Contributions to this project are welcome and encouraged! If you are unsure how to contribute, here is a guide from Github explaining the basic workflow. After cloning this repo, please run pip install -r requirements.txt to properly setup locally.
Below enumerates the general release process explicitly. This section is for internal use and most people do not have to worry about this. First note, that the dev branch is always a direct extension of master with the latest changes since the last release. That is, it is essentially a staging release branch.
- Change the version in
pyconll/_versionappropriately. - Merge dev into master locally. Github does not offer a fast forward merge and explicitly uses --no-ff. So to keep the linear nature of changes, merge locally to fast forward. This is assuming that the dev branch looks good on CI tests which do not automatically run in this situation.

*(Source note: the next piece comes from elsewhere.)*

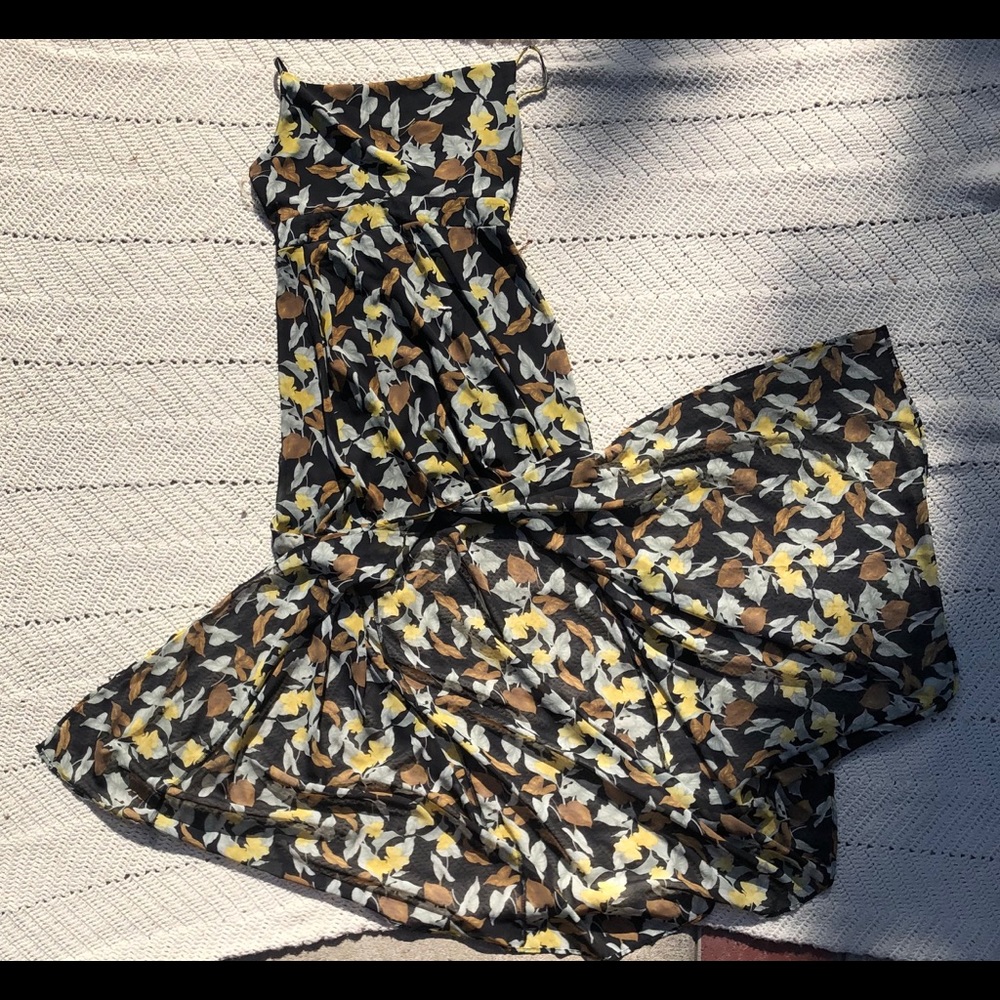 Maxi dress with thigh high slit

- Push the master branch. This should start some CI tests specifically for master. After validating these results, create a tag corresponding to the next version number and push the tag.
- Create a new release from this tag from the Releases page. On creating this release, two workflows will start. One releases to pypi, and the other releases to conda.
- Validate these workflows pass, and the package is properly released on both platforms.